Palm Sunday of the Lord's Passion
Reflection
The liturgy doesn't let you be a bystander. You wave the palms. You shout hosanna. Then you hear the Passion and find yourself in every character.
Judas: you've betrayed someone for less than thirty silver pieces. Peter: you've sworn loyalty and then denied it when it got uncomfortable. Pilate: you've known the truth and washed your hands of it because the cost of acting was too high. The crowd: you've chosen the easy option over the right one.
That's not guilt-tripping. That's the whole point. The Passion isn't about bad people doing bad things to Jesus. It's about ordinary people - people like us - caught in systems of fear, self-preservation, and cowardice.
Paul names the counter-story: though he was in the form of God, he emptied himself. While we were grasping, he was releasing.

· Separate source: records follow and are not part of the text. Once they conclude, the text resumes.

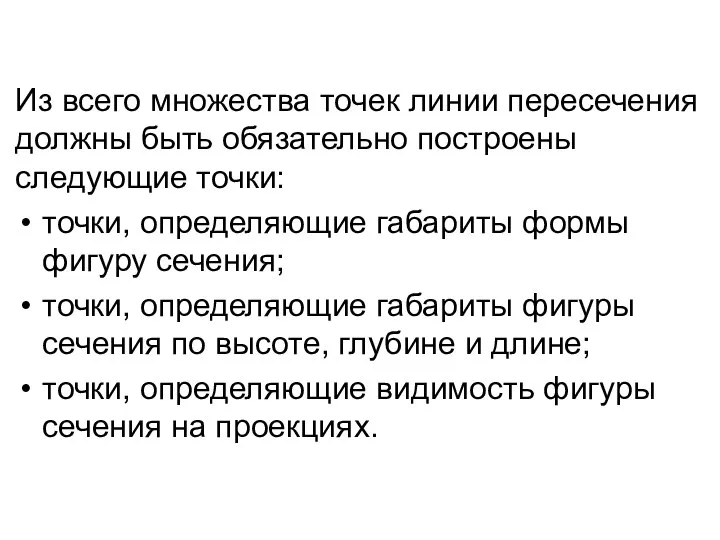 Из всего множества точек линии пересечения должны быть обязательно построены следующие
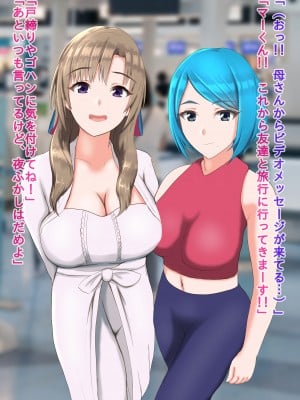 (同人誌) [Hermit] ママ友と旅行へ行った母は…_02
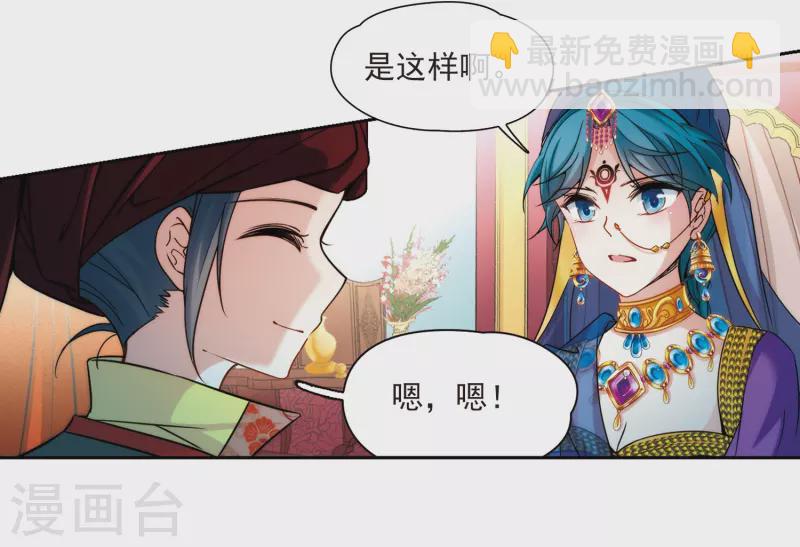第353话 古印度加尼卡217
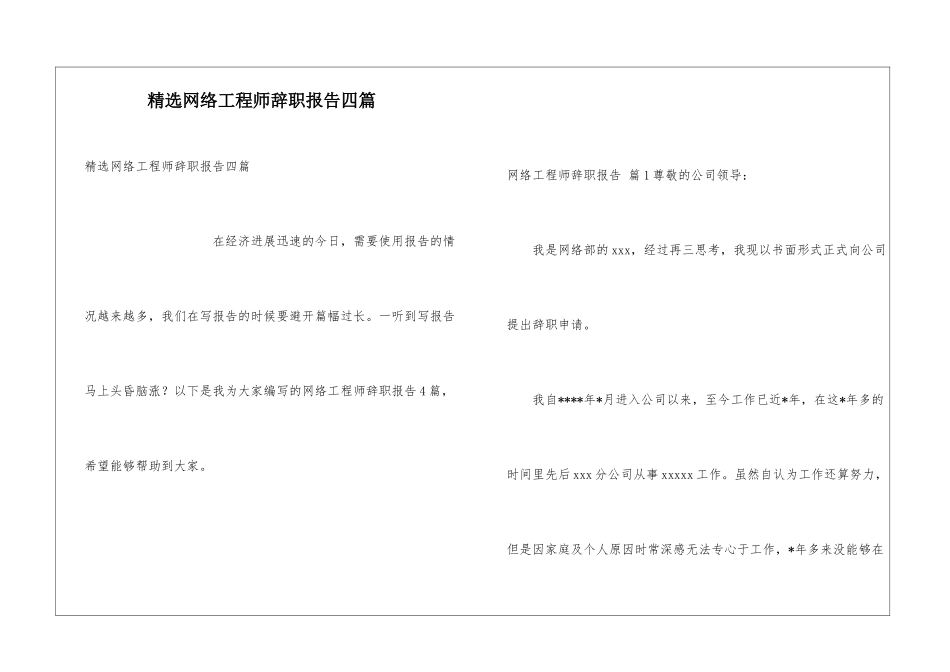 精选网络工程师辞职报告四篇_第1页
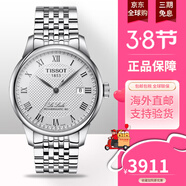 天梭（TISSOT）瑞士正品天梭力洛克全自動(dòng)機械鋼帶男表 T006.407.11.033.00 經(jīng)典白盤(pán)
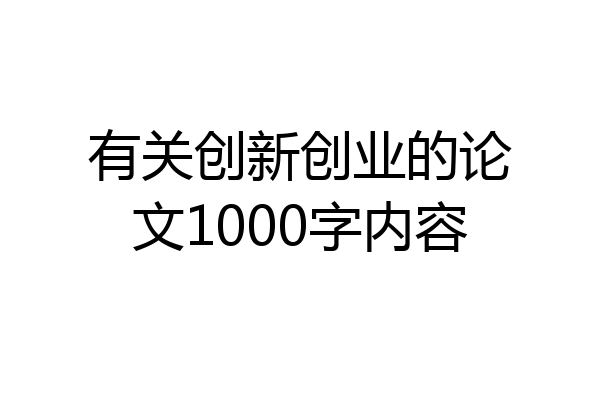 有关创新创业的论文1000字内容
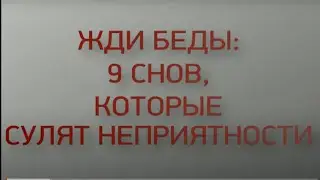 Эти сны предвещают беды и неприятности. Значение снов.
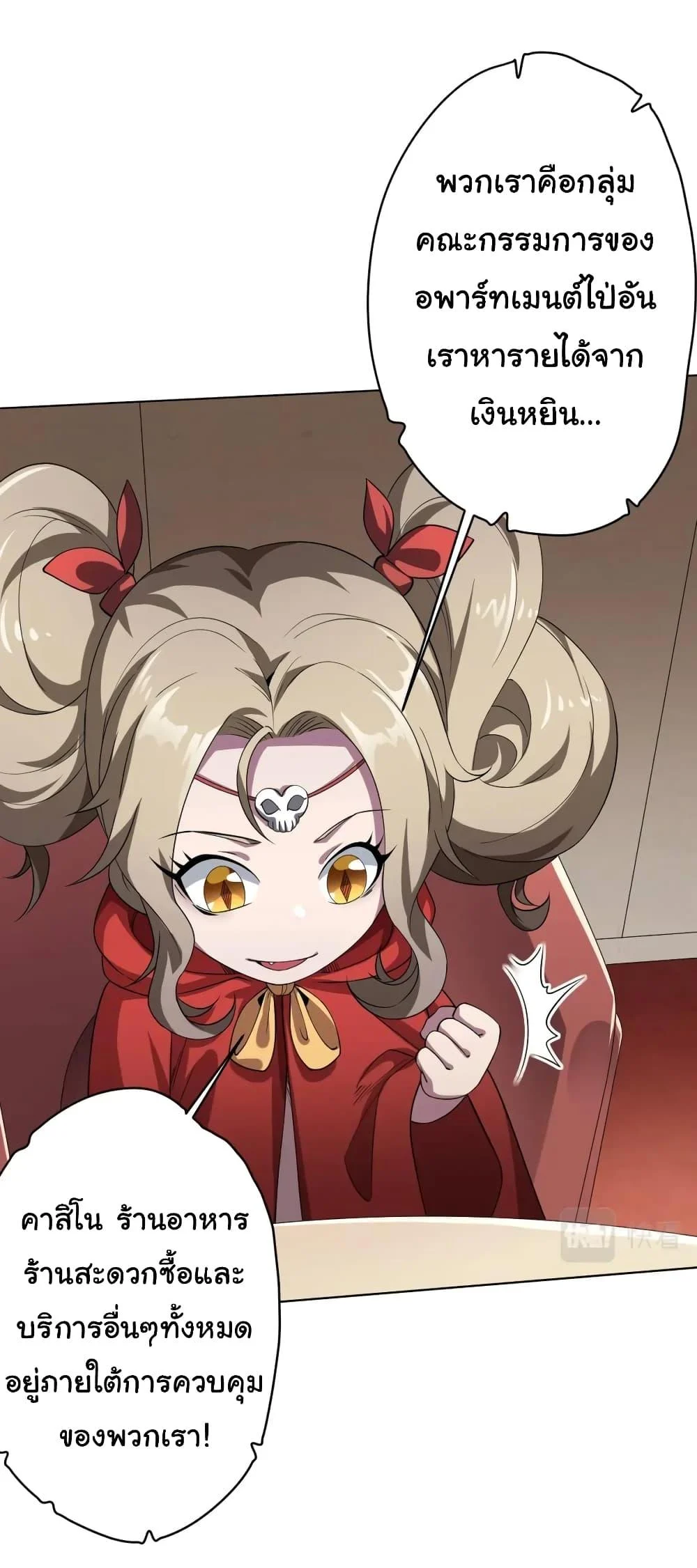 Start with Trillions of Coins ตอนที่ 26 page 17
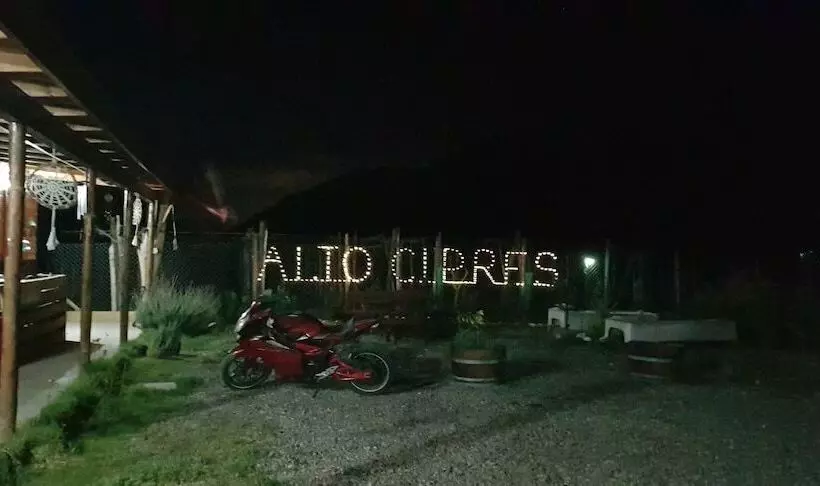 ホテル Alto Cipres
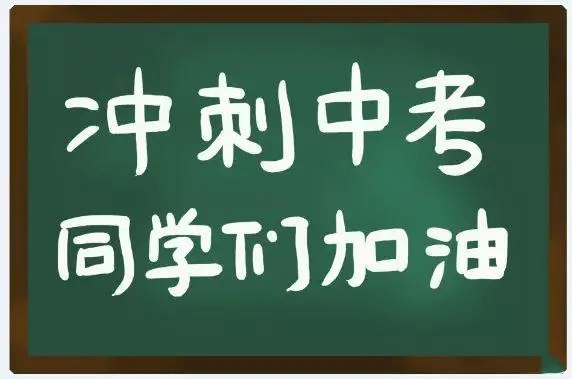 深圳初三冲刺补习班,深圳中考辅导冲刺班!_教学_朋友_手机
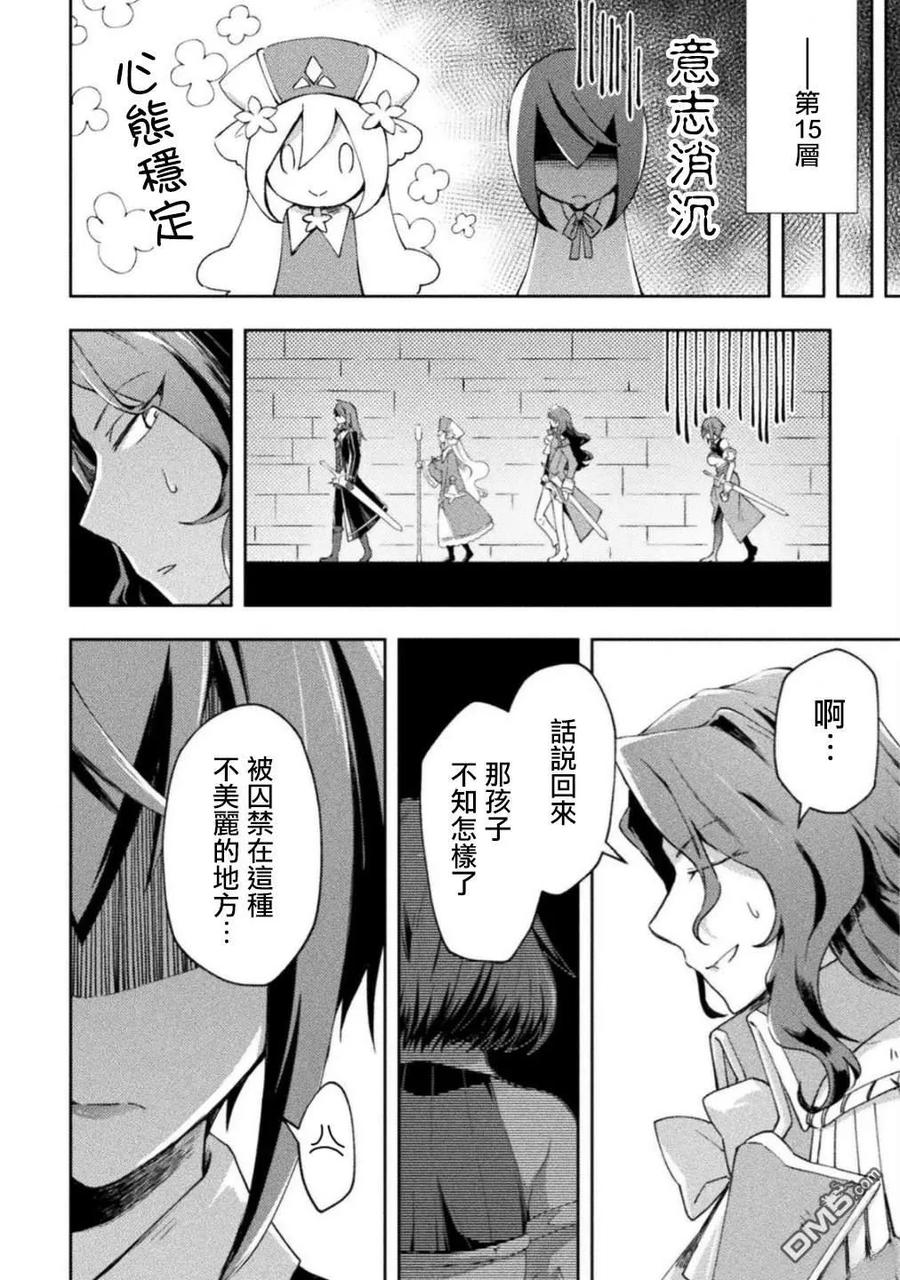 第57话 第16页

While we were running, he was walking toward the cross.
Psalm 22 is his prayer from inside the darkness: my God, my God, why have you abandoned me? Even the cry of desolation is addressed to God. Even in the worst moment, there's a You.
Take your palm home. It's not a souvenir. It's a witness. It says: I was there. I walked with him. I am in the crowd. And he died for the crowd anyway.
— Psalm 22:2My God, my God, why have you abandoned me?